You don't have to be a trained police officer, you don't have to be a trained security professional, and you don't have to be a psychologist to know that if you turn your back on somebody in those circumstances, you're telling them you don't care and you're just adding to their level of frustration. And that's what happened here from the security point of view. So there's a huge issue about how these people who are working in our airports are trained, whether they're properly trained, and how they ought to be trained.

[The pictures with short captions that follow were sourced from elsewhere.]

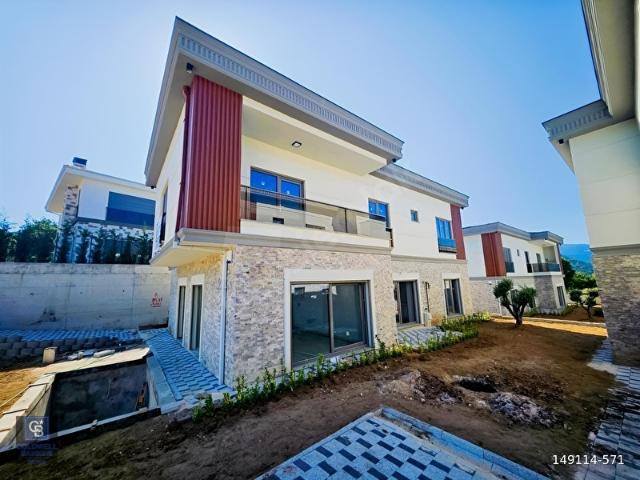 Nilüfer, Bursa içerisinde satılık Villa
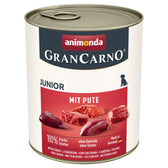 animonda GranCarno Original Adult 6 x 800g || Animonda GranCarno || view 12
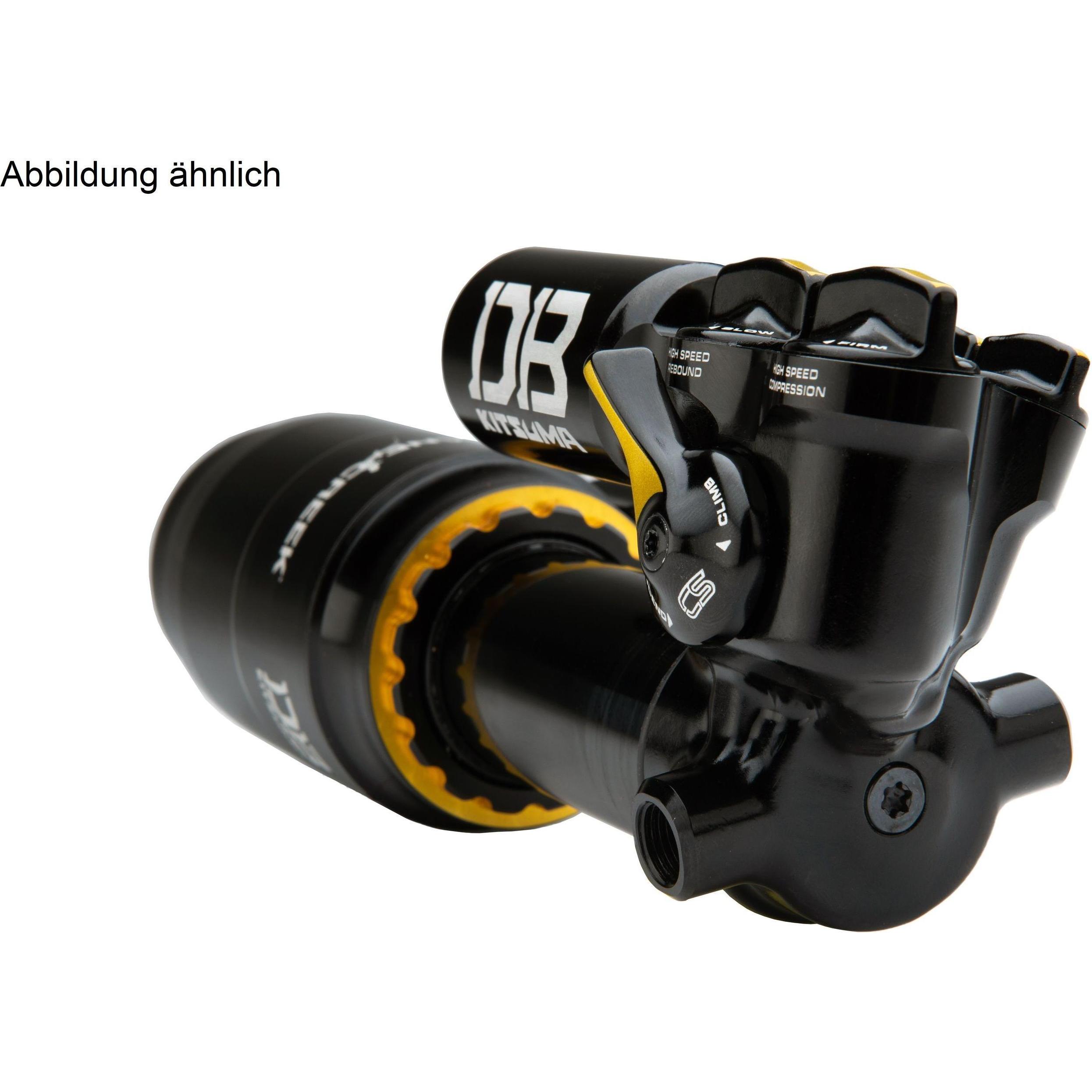 Thumbnail - Cane Creek, Velodämpfer, (185 mm, 50 mm)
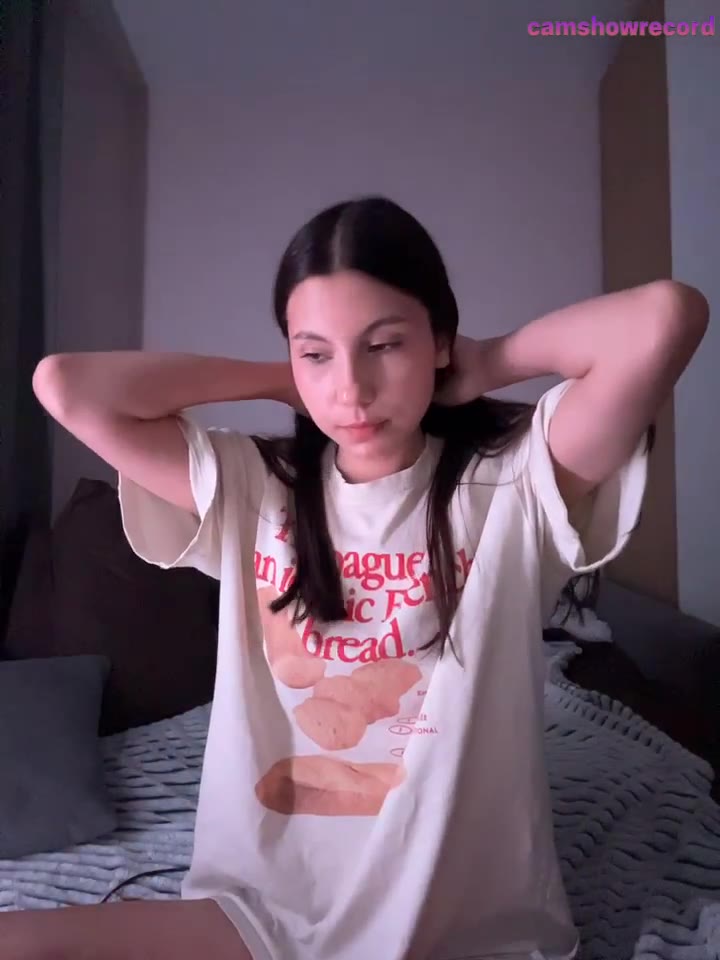 Webcam Model Sunny_Loonie Videos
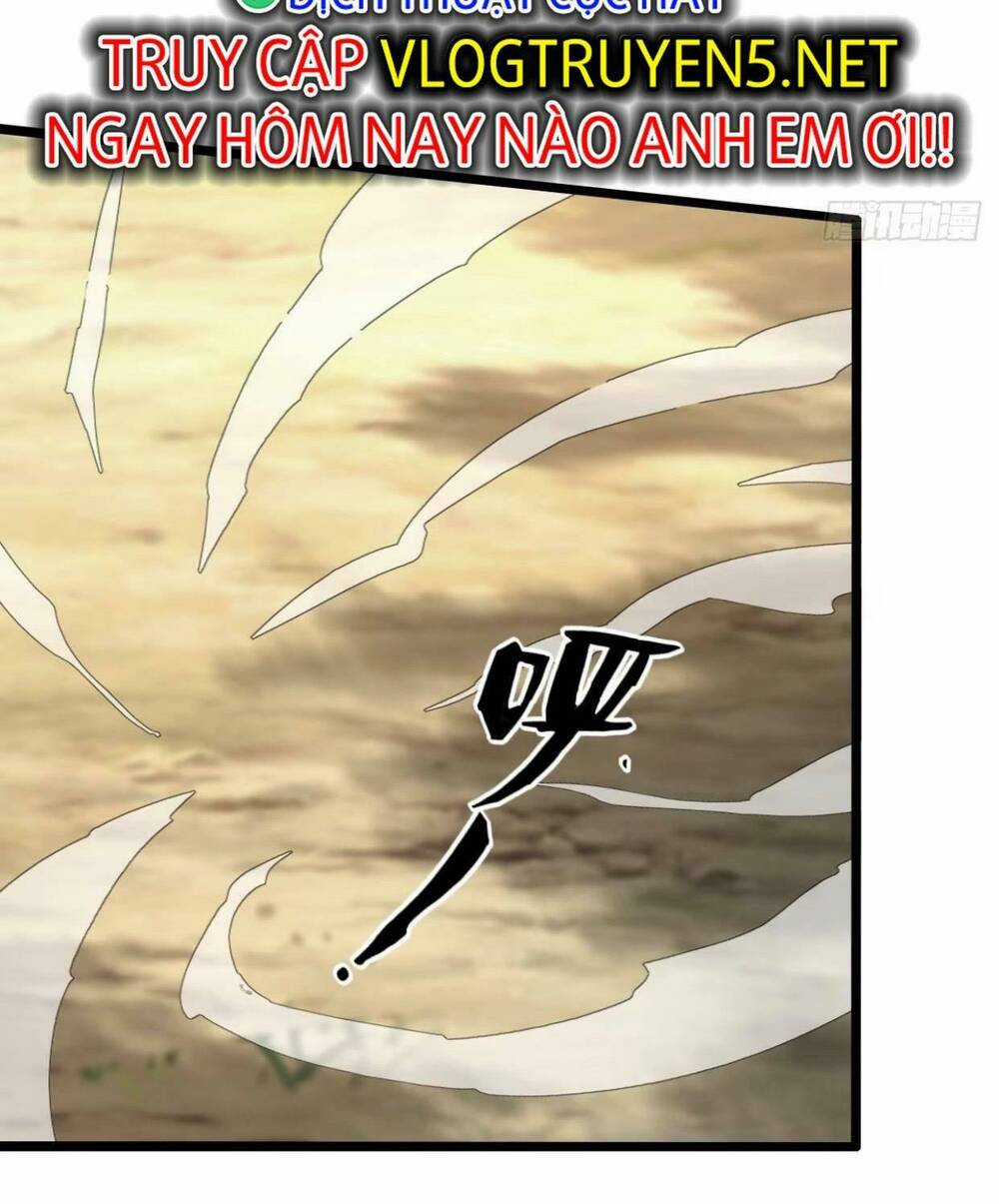 Ngươi Là Hạng Người Gì Cũng Dám Ở Tiên Giới Lên Mặt Với Ta? Chapter 7 trang 25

The tragedy was further compounded in this particular case because normally when you come out through the international arrivals.... And anybody who has used Vancouver airport will note that when you come through these big glass sliding doors where Mr. Dziekanski came out, there's a station for a security guard and there's normally somebody posted there. It shouldn't be lost on anybody that he actually walked out of the secure area. He was escorted out by Officer Chapin because Chapin thought he would eventually be able to meet up with his mother. I'm not saying that Chapin did anything wrong in those circumstances. He had no one to turn him over to. But there was no one out there guarding that post.
This is the entrance to the most secure area of the airport. This is where all the people we're trying to keep in...and we're trying to keep people from getting in there because there are doors that lock. You need a special pass to get in there, and there was no security guy there.